BRIGHAM CITY — A second big step comes this week for the city’s plans 15 years in the making for the downtown hub.

Ground-breaking is set Thursday for the Hampton Inn hotel, meant to anchor the emerging Academy Square, landmark seat of government in Box Elder County.

It was 15 years ago “things got serious” in developing Academy Square, City Manager Bruce Leonard said.

“But it’s been in people’s minds for quite a while,” he said, possibly all the way back to the 1970s when a car dealership was replaced by the current City Hall. The old city hall became the Chamber of Commerce, both now the western face of Academy Square.

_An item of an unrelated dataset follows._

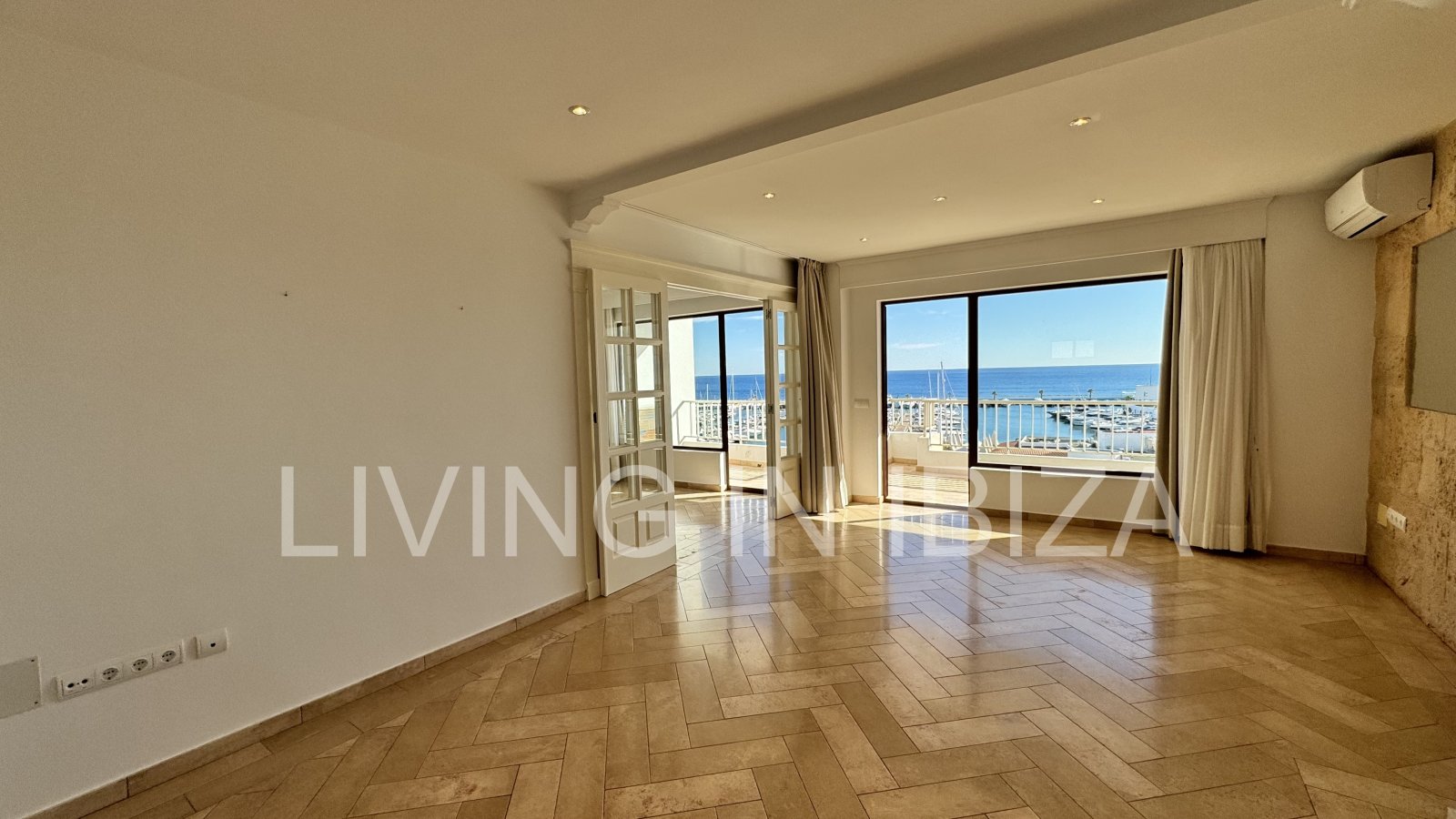 En primera línea, se alquila amplio piso sin muebles con vistas hacia el Puerto Deportivo de Santa Eulalia del Rio y el mar Mediterráneo.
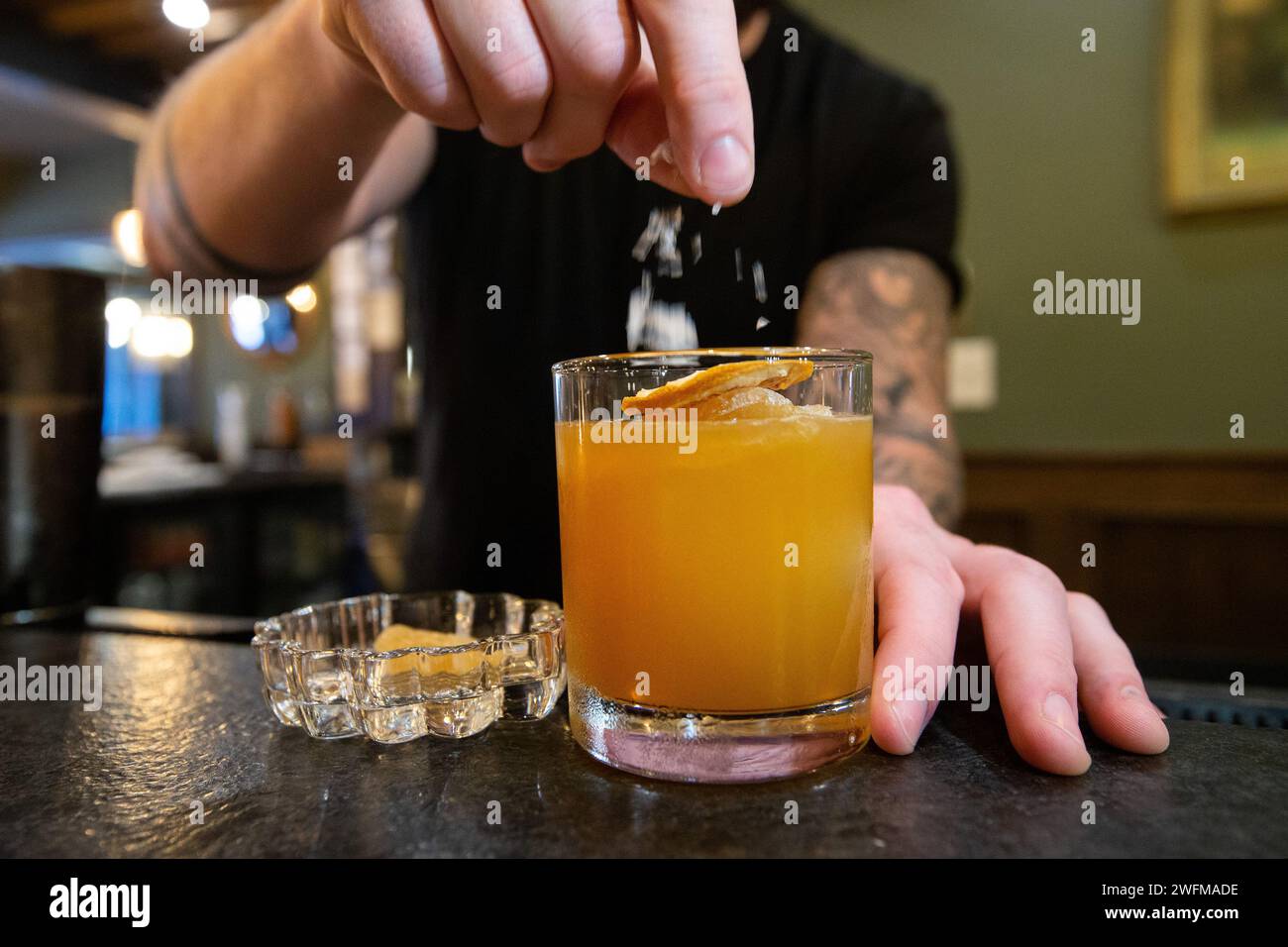 Bartender makes Oaxacacillin cocktail at The Red Door on Peck Street in Providence, Rhode Island on June 3, 2022 Stock Photo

Culminating three years of planning and site purchases, ground-breaking for the 73-bed Hampton Inn, a Hilton subsidiary, is scheduled for 4 p.m. Thursday at the 59 N. 100 East site.

Academy Square is named for the restored Christensen Academy of Music and Dance, a historic structure first opened in 1903. Next door to the Hampton site and purchased by the city in 1998, it’s envisoned as a community center and reception hall once its upstairs dance floor is refurbished.

The Hampton should draw 25,000 patrons a year, according to estimates from City Economic Development Director Paul Larsen. The city expects 75,000 visitors a year for the Brigham City LDS Temple two blocks to the south.

The traditional town square has been called many names in city planning documents and records over the years, including Block 20, and City Center Plaza, before the Academy Square moniker stuck in 1999.

The block — once bisected by Forest Street and bounded by Main Street, 1st East, and 1st North — was called “Main Square” in a 146-year-old survey from pioneer times dated 1868, according to a history of the city’s civic heart compiled by Larsen.

Back then, Forest was known as Locust Street, 1st North as North Street and 1st East was Pleasant Street.

The hotel’s anchoring of Academy Square, which also includes the historic Box Elder County Courthouse, comes at a time when much of the city’s business growth has moved south, with better access to Interstate 15 and near the Walmart in Perry.

The city’s four current hotels and motels include three on or within a block of 11th South and the fourth at 7th South.

The city council in December approved $3.9 million in bonding to finish the remodeling of the Academy building with construction bids expected to open later this month.

The two-story structure at 64 N. Main was built in 1903 by the sons of Danish immigrants, Christian and Peter Christensen, as an arts school and dance hall.

A member of the Christensen family, William Christensen, went on to choreograph “The Nutcracker” ballet for the San Francisco Ballet, now a staple of holiday cheer.